Getting started

Initial configuration

The Docker package from distribution repositories will be installed by default (on Jessie it means that the jessie-backports repository needs to be available, which is the default in DebOps). You can install the upstream version of Docker by setting the docker_upstream: True variable in Ansible’s inventory.

If debops.pki was configured on the host, Docker will automatically listen on its TCP port for incoming TLS connections, which is by default blocked by the ferm firewall. If you don’t use a firewall or have it disabled, you might want to set docker_tcp to False to disable this behavior.

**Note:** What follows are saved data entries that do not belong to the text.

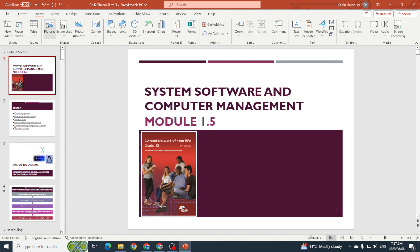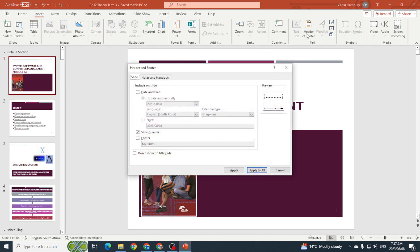All I'm going to do is go to the Insert tab, go to Header and Footer, and then indicate that I want a footer. I can type in whatever I want, and just make sure you tick 'Don't show on title slide.'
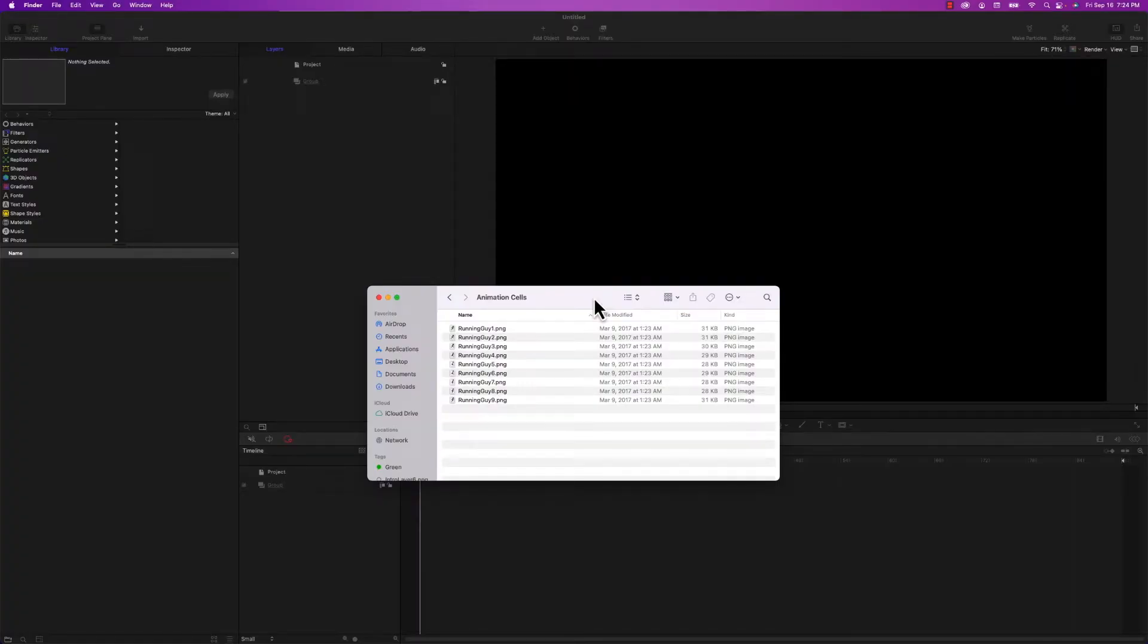Hey, welcome back to Apple Today. Today I've got a super quick tip on how to import an image sequence into Apple Motion and playback a very short animation, kind of like a flipbook.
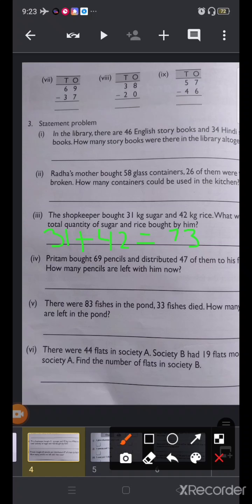Now these remaining questions — numbers 4, 5 and 6 — you will do yourself. That is your homework. I hope you all understood how to write, how to add and how to subtract. First write tens and ones, put your numbers in place, then add or subtract.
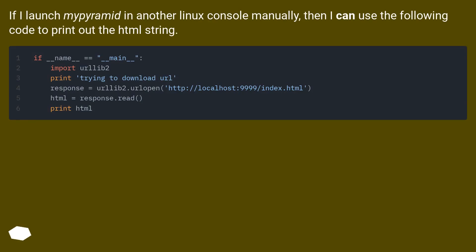If I launch 'mypyramid' in another Linux console manually, then I can use the following code to print out the HTML string.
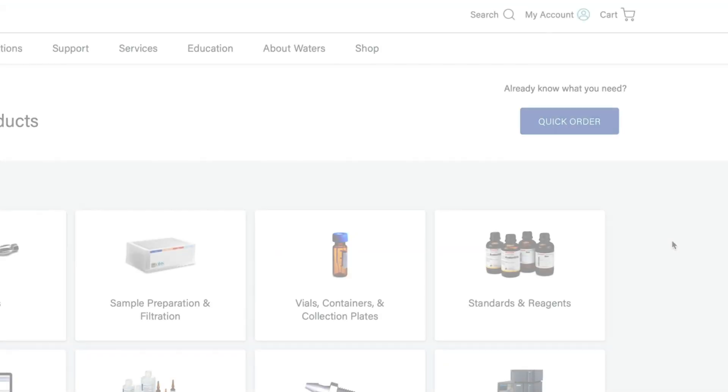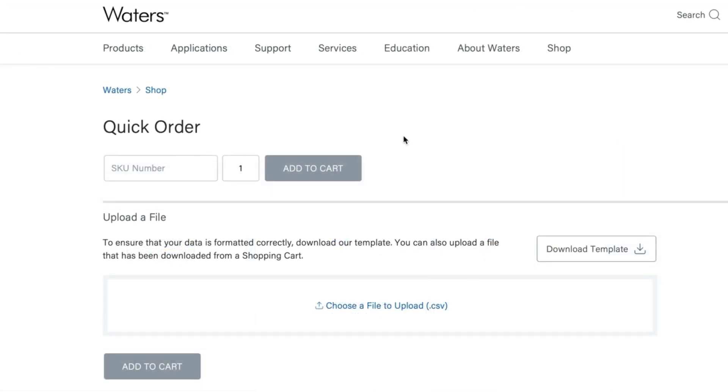Or, if you know what you want, our easy quick order feature allows you to simply add items with a product number, saving you time.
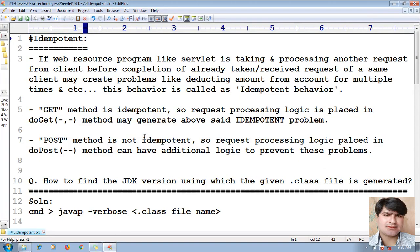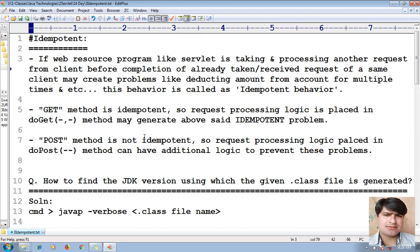What is idempotent? What is the nature of idempotent, and which request method will behave as idempotent? By default, if a web resource program like a servlet is taking and processing another request from a client before completion of an already received request from the same client, it may create problems like deducting the amount from an account multiple times. This behavior is called idempotent behavior.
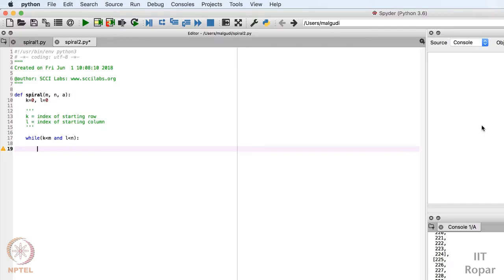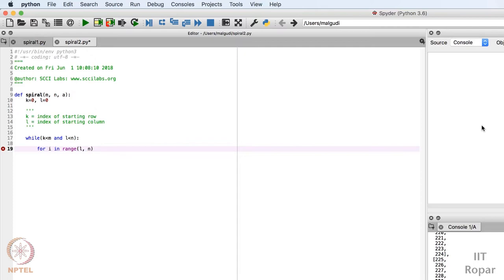First, I have to print all the elements of the first row. For that, I'll write: for i in range(l, n). The row index is fixed while I traverse through all the columns. Note that range doesn't include the end value — so if I write range(0, 4) it goes 0, 1, 2, 3, not up to 4 — so I can safely write n here.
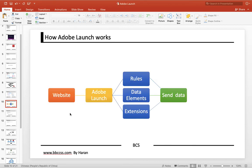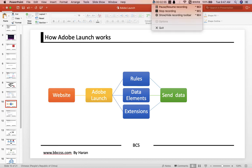It can be simply explained by this figure: when the web page is opened, the property configuration is loaded. When it is loaded into the Adobe Launch library code and the rules are triggered, the data is collected and sent to the third-party servers. This is how Adobe Launch works.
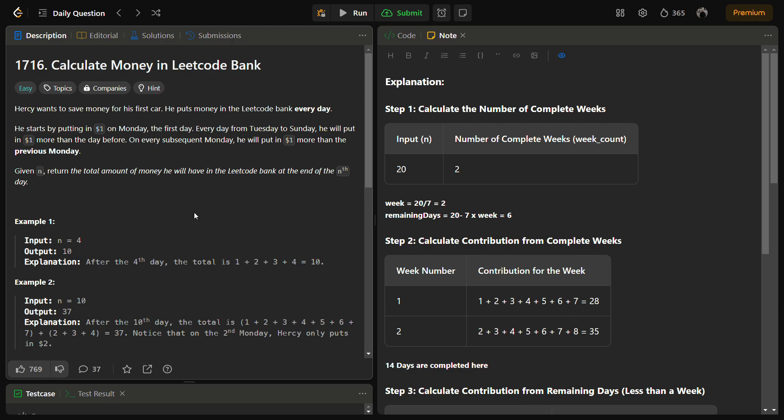Hello guys and welcome back to Lead Logics. This is the Calculate Money in LeetCode Bank problem. This is LeetCode easy and the number for this is 1716. So in this problem we have a character Hersey.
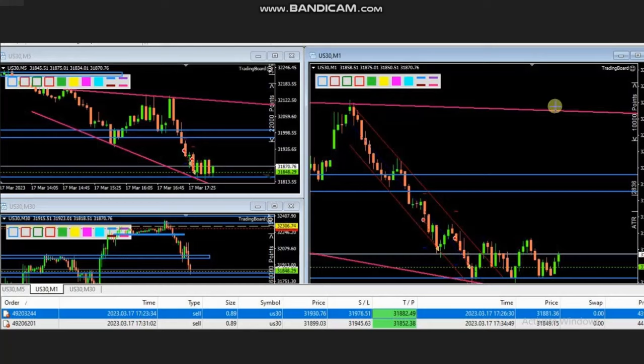Hello everyone. I'd like to share with you a few trades posted on Friday, 17th of March 2023. These trades were shared by HS, who's trading the Dow Jones Industrial Average in the form of CFD using a forex broker.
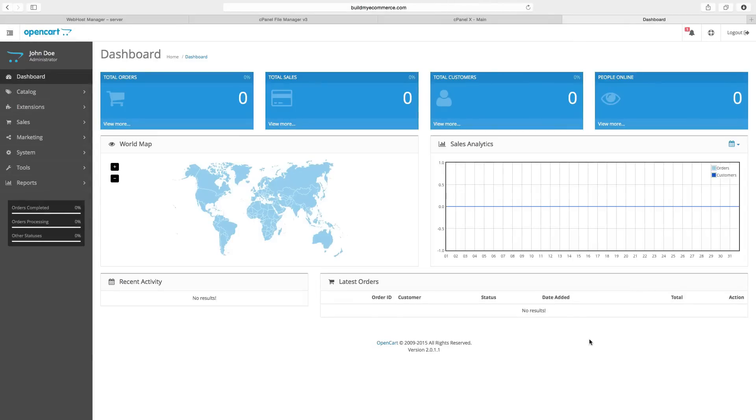Hey guys, this is Lawrence from BuildMyEcommerce.com. In this video, I show you how to install an extension in OpenCart 2.0.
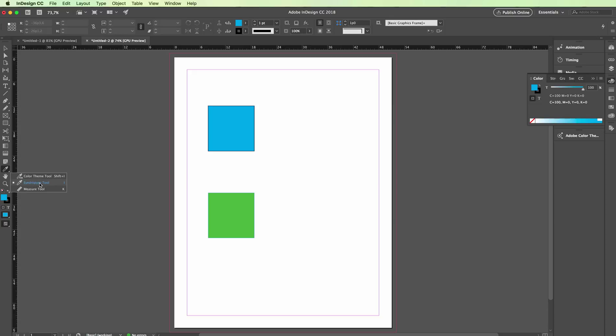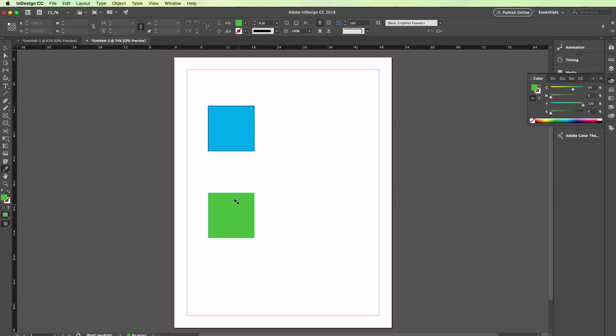You might have the color theme tool selected, but instead you want to select this eyedropper tool. The shortcut is also I. Basically what you do is you go over the color that you want to select, in this case this green, and just click on it.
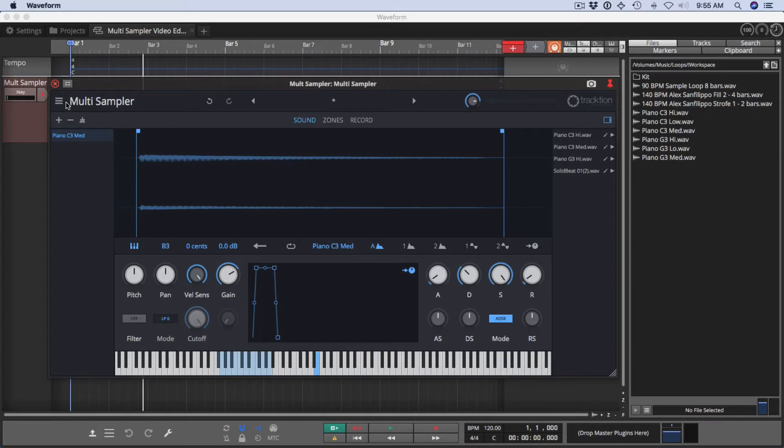In addition, Multisampler supports MPE, which gives you the ability to apply per-note expression, especially when you're using Roli Seaboard controllers or other controllers that support that.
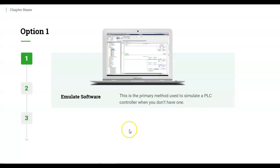Option number one is really Emulator software. If you've been working with Rockwell software, or even the Siemens software, each platform has their own simulation software.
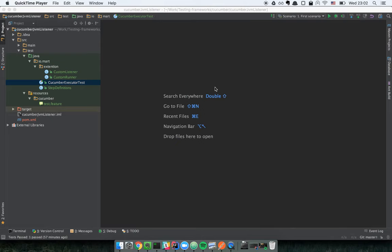My name is Aleksandr Martyshov and today I'm going to show you how to extend the basic functionality of CucumberJVM, and particularly implement your own listener and make Cucumber use this listener.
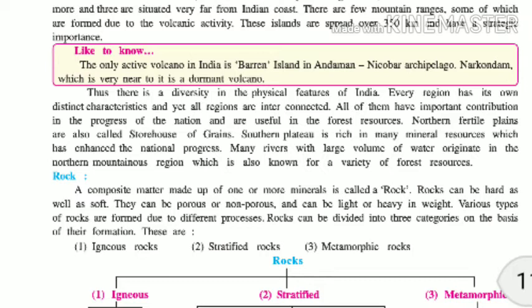The southern plateaus are rich in mineral resources, which has enhanced national progress. Many rivers with large volumes of water originate in the northern mountainous region, which is also known for a variety of forest resources.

Docker manages its own network bridge and iptables entries. The ferment Python script will be installed to allow ferm firewall to reload Docker firewall rules automatically, however it does not fully support Docker yet, so be aware of this when you modify the firewall configuration. You can restart docker daemon to make sure that all firewall rules are set up correctly.

debops.docker relies on configuration managed by debops.core, debops.ferm, and debops.pki Ansible roles.

Useful variables

This is a list of role variables which your most likely want to define in Ansible inventory to customize Docker:

docker_tcp_allow
List of IP addresses or subnets that can connect to Docker daemon remotely over TLS.
docker_admins
List of UNIX accounts that have access to Docker daemon socket.

Example inventory

To configure Docker on a given remote host, it needs to be added to [debops_service_docker] Ansible inventory group:

[debops_service_docker]
hostname

Example playbook

Here’s an example playbook that can be used to manage Docker:

---
- hosts: debops_service_docker
  become: True

  roles:

    - role: debops.docker
      tags: [ 'role::docker' ]

Ansible tags

You can use Ansible --tags or --skip-tags parameters to limit what tasks are performed during Ansible run. This can be used after host is first configured to speed up playbook execution, when you are sure that most of the configuration has not been changed.

Available role tags:

role::docker
Main role tag, should be used in the playbook to execute all of the role tasks as well as role dependencies.
role::docker:config
Run tasks related to Docker configuration.
role::docker:admins
Manage access to Docker daemon by UNIX accounts.